PhD project
Decoding Descartes: The Making of Modernity
Doğukan Öztürkoğlu
In the doctoral project related to Decoding Descartes, Descartes’ contribution to the making of modernity will be studied in a manner to unearth his unremitting philosophical legacy. Descartes’ philosophy is often used as a trope for narrating the supposed animosity between rationalism and empiricism, and he is commonly portrayed as a philosopher who neglected sense-experience and focused solely on deductive reasoning. One of the principle reasons of this entrenched interpretation of Descartes can be found in the little attention that his correspondence with the savants of his time has received. Descartes, as was customary in early modern Europe, favoured correspondence with other natural philosophers for discussing his experiments and scientific theories. Besides this, some crucial works in which he expounded scientific theses remained unpublished during his lifetime. When his voluminous correspondence, along with his unpublished works, is taken into account, what emerges is a philosopher passionate about conducting experiments in order to prove the viability of his theories.
Rich in observations and dialogue on scientific developments, the correspondence is not only essential for comprehending Descartes’ scientific undertaking, but is also important for appreciating Descartes’ contribution to the modern worldview. By using experiments as a justificatory basis for scientific theories, Descartes’ scientific practice constitutes a radical break in the history of natural philosophy. In the Discourse on the Method, he remarkably claims that, regarding natural philosophy, suppositions (or hypotheses) may be proven by the effects that they explain (AT VI, p. 76). In this sense, any hypothesis about nature derives its power from its explanatory effectiveness. This particular view of natural philosophy’s aim is also the main reason why Descartes rejected the scholastic approach in physics. He confutes the scholastic theory of substantial forms by arguing its inadequacy for explaining the natural phenomena themselves; the forms not only fail to extend our knowledge about nature, they are also in need of explanation themselves (AT XI, pp. 25-26). Descartes claims that heat, cold, moistness, and dryness, which are the four main qualities of scholastic substance theory, along with all that exists in nature, can be explained without assuming anything in their matter but motion, size, shape, and the arrangement of their parts.
By advancing this mechanical understanding of nature, Descartes, along with some of his contemporaries, disenchanted the world by no loner accepting the idea of occult powers, such as substantial forms, being embedded in matter. He supplants the inherent principles that were taken to identify and animate natural phenomena with a physics that analyses matter through its quantifiable features. Descartes’ rejection of scholastic substance theory and his endeavour to explain natural processes without relying on a metaphysical scheme about the inner quality of things emancipated natural philosophy from the yoke of metaphysical disputes about real qualities. Accordingly, Descartes should not only be considered a forerunner of the scientific revolution on the basis of his own contributions to science, but also for laying the groundwork for modern science to develop independently of metaphysics.

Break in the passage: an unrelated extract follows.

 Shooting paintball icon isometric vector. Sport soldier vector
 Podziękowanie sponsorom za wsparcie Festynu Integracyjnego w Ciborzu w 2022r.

Besides his significant contribution to the development of modern science, Descartes established a pivotal shift in philosophy proper that has shaped the modern worldview and philosophical discourse ever since. This shift results from a new understanding of metaphysics that outlines the limits of human knowledge and conditions of its reliability. Devising the philosophical framework within which science is possible and meaningful seems to be the goal of Descartes’ metaphysics. In this respect, even the mind-body dualism due to which Descartes is unduly depicted as a bizarre metaphysical speculator, functions as a safeguard against re-enchanting the world with supernatural entities such as substantial forms. A radical division between the mind and the body, coupled with the impossibility of interaction and causation between the two realms, ensures maintaining theories about natural processes and phenomena solely on physical grounds, independent from any metaphysical input. This equally clears the way for science to develop. Strikingly, Descartes, in the Treatise on Man, contends that even human physiology and behaviour could be understood without presupposing a soul; he announces that a fully mechanical account of how our body functions is explicated in this work (AT III, 667).
Reconstructing Descartes’ philosophy by bearing in mind his scientific ambitions paves the way for a better contextualisation of his metaphysics. It also enables us to unearth Descartes’ unremitting legacy. One place where this legacy has been positively effective is in transcendentalism. Placing the subject and an examination of its cognitive faculties at the heart of his philosophy, Descartes pioneered a new approach that was adopted even by his detractors. He inquired about our cognitive capacities and the way in which we understand the world in order to determine the scope and reliability of our knowledge. By investigating how we perceive the world, Descartes started a new train of thought that freed itself from speculating on how things are ‘in themselves’. From Malebranche to Kant, placing the knower in the centre of inquiry in order to determine its limits remained an crucial feature of modern philosophy. In this PhD project, it will be argued that, as a result of Descartes’ pursuit of knowledge, metaphysics takes a whole new meaning; as it is freed from an ambition to render natural processes intelligible by means of supernatural forces, it becomes a comprehensive study of the possibility of science and reliability of sense experience.